Hannah Nieves is a dynamic and visionary entrepreneur, leading a revolution in the way women work and live.

As the Founder of HN Haus, a community for 6 to 7-figure founders, This Hudson Studio, a creative rental studio, This Hudson Farm, a Hudson Valley-based family farm celebrating living beautifully, and her newest endeavor, The Haus Social Club, an exclusive network for affluent women founders, she is dedicated to empowering entrepreneurs to create impactful businesses while achieving a balanced and fulfilling lifestyle. She is truly a multidisciplinary founder who has built a collection of brands centered around the concept of redefining the way we work and live. 

Welcome Hannah

You have to make sure that you’re building in time in your calendar, otherwise, it doesn’t happen.

Hannah Nieves – Serial Entrepreneur and Founder of the HN Brand Portfolio: A collection of brands dedicated to redefining the way we live and work

Here’s what you can expect to hear in this episode:

  • Hannah’s story of being a serial entrepreneur 
  • What PR is and the different types of content we can use
  • Where to begin and how to pitch yourself 
  • Using AI while keeping brand integrity 
  • How she manages running multiple businesses 

Resources Mentioned In
This Episode

What is your story of how you got started? 

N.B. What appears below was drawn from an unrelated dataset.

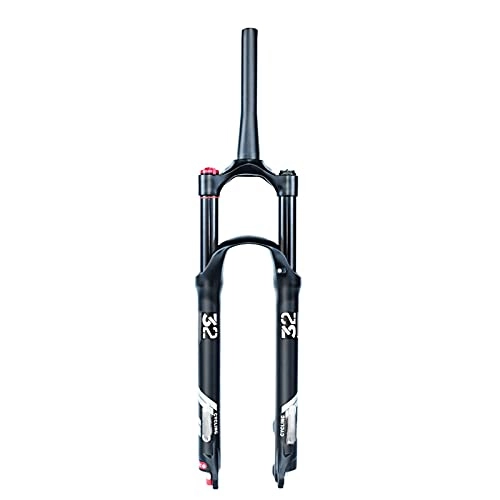 Mountain Bike Fork : Mountain Bicycle Suspension Forks, 26 / 27.5 / 29 Inch MTB Bike Front Fork with Damping Adjust Air Pressure, Straight Tube (Cone Tube), Shoulder Control 130Mm Travel 28.6Mm, Cone Tube, 26inch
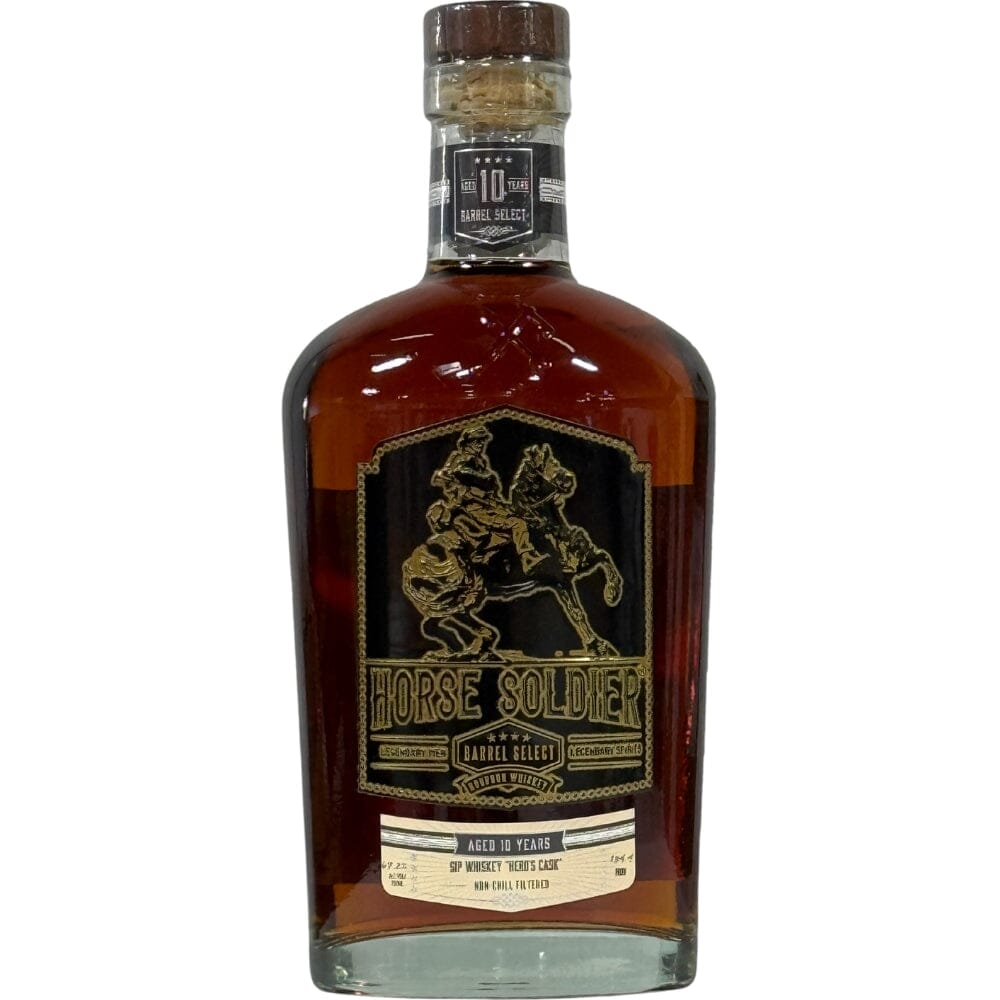 Horse Solider X Sip Whiskey “Hero’s Cask” 10 Year Old Barrel Select Bourbon Bourbon Horse Soldier Bourbon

When I first started these companies, I didn’t expect that it was going to be, what I joke are the 59 companies, but it really feels that way. I first started because I actually went into burnout. 

I had extensive corporate experience, climbed the ranks there, and loved what I did, but I just kept getting into the cycle of burnout. And I always knew that entrepreneurship was gonna be something like down the line, what it looked like. 

And then I went into the hospital for burnout in the summer of 2019. And kind of short story here, I ended up not being able to eat anything besides bone broth and water, I kid you not, for a period of three-ish weeks. I had really bad stomach issues. 

I had to go through this whole process of learning how to eat again because I started to experience this really bad relationship with food. So that was the kickstart to everything.

And I realized, I was like, wait, I actually don’t know if I wanna do this for the next 50 years, working in this corporate environment. So I started exploring, I took a course, I started exploring entrepreneurship as a whole, and then I just started to use my skillset and start to support other founders. 

And then here we are, fast forward to where we are now, now we have our 59 brands, but it really has stayed, really grounded into how we started, supporting women founders and also supporting them with their companies so they can live a more fulfilling life. 

And it’s so cool to see how that’s manifested into physical spaces, digital spaces, and app, just like the whole nine. And that’s a little bit about me.

Can you break down what exactly is PR and address some of the myths around it? 

So everyone is ready for PR and you’re probably already doing elements of what we call PR without you even realizing, right? Because a lot of people think that PR is really reserved for celebrities or you have to be a tastemaker, influencer, or whatever it is. 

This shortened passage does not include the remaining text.